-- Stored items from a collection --
━━━━━━━━━━━━━━━━━━━━
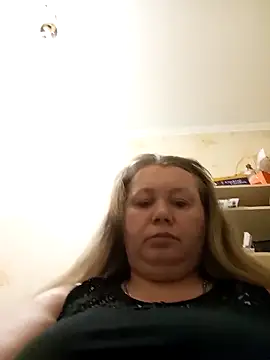 KiraStanton online show from 3, 4, 2026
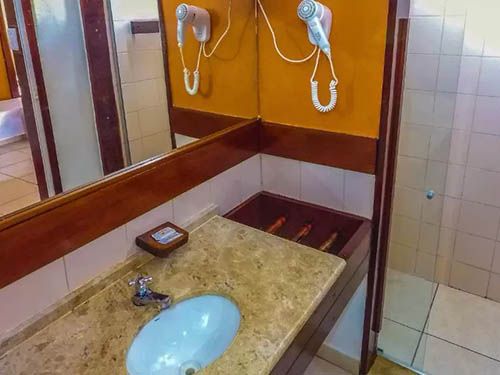 banheiro da Pousada Aldeia Portuguesa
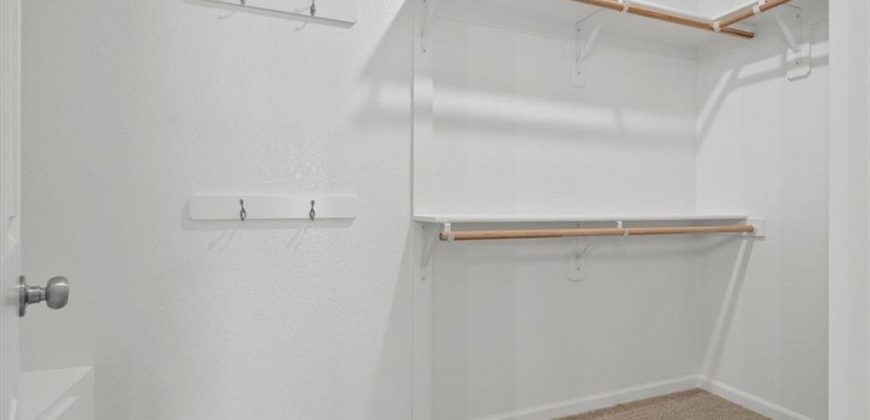 Homes for Sale in Kansas City, MO 64163 | 7808 NW 122nd Street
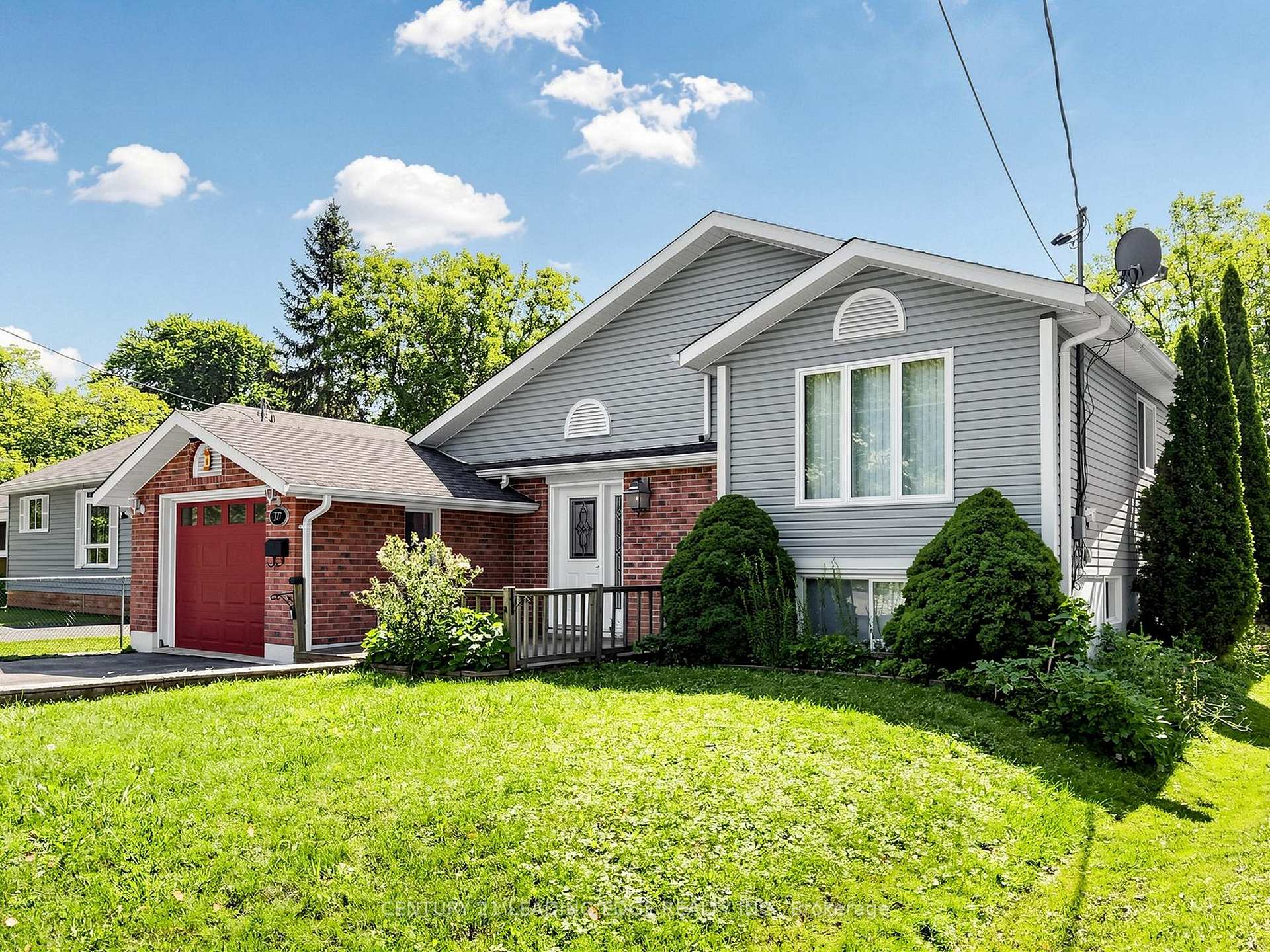 Photo 2 of 177 Silas Boulevard, Georgina, Keswick North — HOMEH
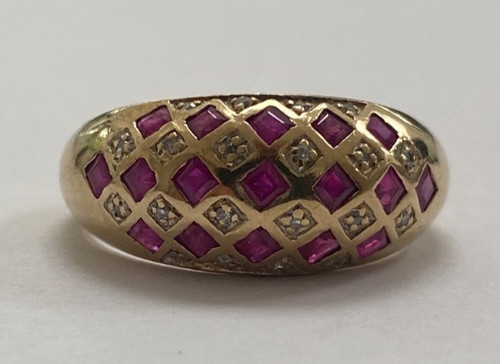 9ct gold ruby diamond ring - diamond,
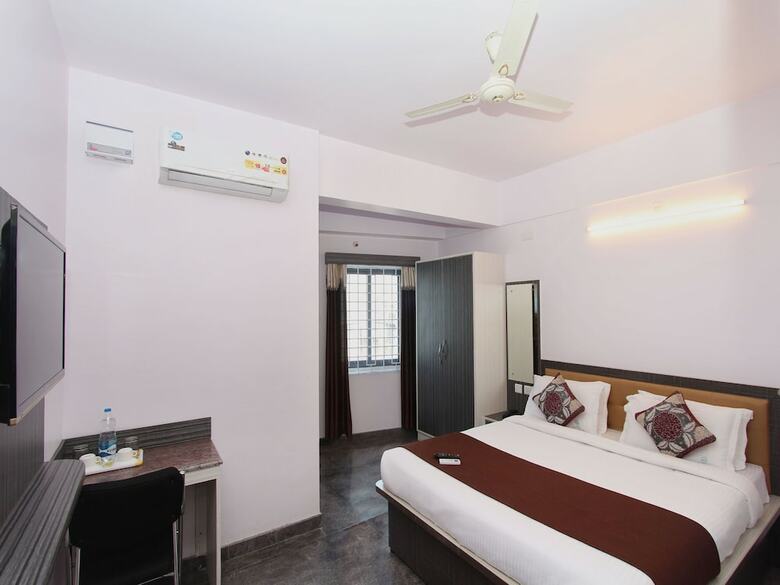 Hotel Oyo 8385 Udupi Inn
━━━━━━━━━━━━━━━━━━━━
-- ASSIGNMENT --
Restate word for word only the lines that run from the line holding "banheiro da Pousada Aldeia Portuguesa" to the end of the data, both ends kept, leaving every picture out.

-- ANSWER TO THE EXERCISE --
 banheiro da Pousada Aldeia Portuguesa
 Homes for Sale in Kansas City, MO 64163 | 7808 NW 122nd Street
 Photo 2 of 177 Silas Boulevard, Georgina, Keswick North — HOMEH
 9ct gold ruby diamond ring - diamond,
 Hotel Oyo 8385 Udupi Inn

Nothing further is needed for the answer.